On a less professional level, Guadagno earned a chili pepper on the site. 

That’s the symbol Rate My Professors uses to indicate an educator's “hotness,” or physical attractiveness.

That "recognition" illustrates the sexual barriers still faced by women as both professionals and candidates, according Brigid Harrison, a professor of political science and law at Montclair State University.

Harrison, a professor for 22 years, had a marriage proposal show up on one of her official evaluation forms and read other “bizarre” comments about looks, hair and attire, too.

“Almost every semester, there’s a sexual comment,” added Harrison, who has garnered her own chili pepper and a 3.9 quality rating on Rate My Professors. Harrison frequently provides commentary and columns to New Jersey media and is president of the New Jersey Political Science Association.

'TEACHABLE MOMENT'

Harrison is not entirely sure what the web site's rankings say about Guadagno as a candidate or potential governor.

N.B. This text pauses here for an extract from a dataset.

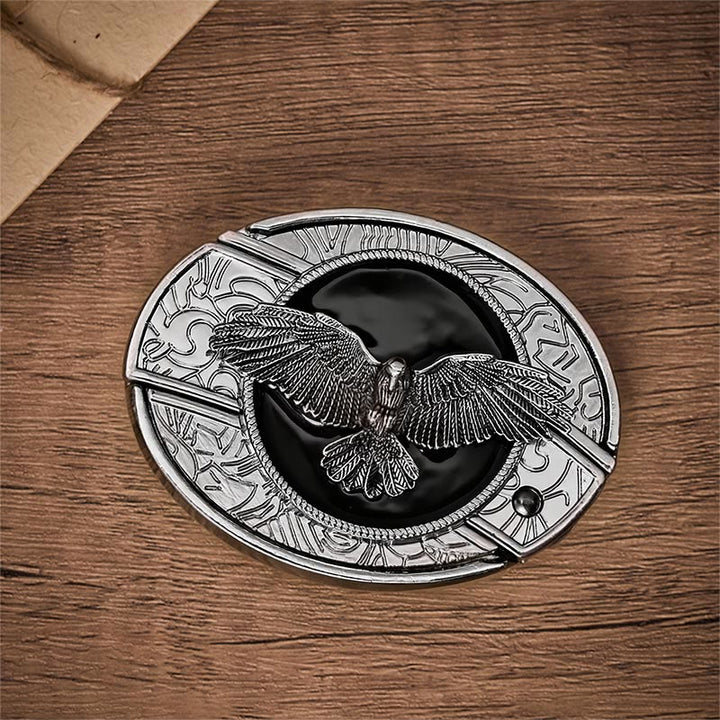 Black Freedom Eagle DIY Hidden Folding Knife Buckle Leather Belt - image 10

"Evaluations are very small pieces in a very large puzzle," said Harrison. "What the evaluations say overall is she did what she said she was going to do. They don't show any red flags. I don't know that you can extrapolate much else."

Source/www.montclair.edu

Says Montclair State University professor Bridgid Harrison: “The ‘Mad Men’ days are not over.”

But the unending recurrence of sexist commentary led a Rutgers Law-Camden administrator to send an email two years ago to students advising them to omit observations on clothing styles when writing evaluations.

“Women are frequently targets of evaluative commentary that, in addition to being wildly inappropriate and adolescent, is almost never directed at men,” wrote Adam F. Scales, then a vice dean.

Scales did not respond to a request for comment, but Rutgers spokesman Mike Sepanic did: "The email sought to provide a 'teachable moment' for our students.  It responded to some comments that had appeared in a handful of previous student evaluations and it sought to remind students to narrow the focus of their evaluations based on the teaching criteria. The specific instance in question has not arisen since."

Harrison admits to reading Rate My Professors when considering hiring of new faculty, but adds it isn’t always clear how those ratings and comments transfer to real life because the ratings are not scientific or verified. 

While acknowledging issues, a formal review conducted a decade ago of the results for Rate My Professors and internal student evaluations of teaching shows a correlation on the overall quality scores. But the study found no significant quality correlations between earning a chili pepper and scoring well on traditional evaluations.

As a member of Montclair's hiring committee, Harrison routinely sees internal professor evaluations and says she recalls only one that commented on the looks of a young male prof, who was deemed “dreamy.”

But comments on female college faculty can be “borderline harassment,” said Harrison. “The ‘Mad Men’ days are not over.”

No word on what Gaudagno thinks of her results on Rate My Professors: The campaign did not respond to a request for comment.

Guadagno will face Democrat Phil Murphy in the November gubernatorial election.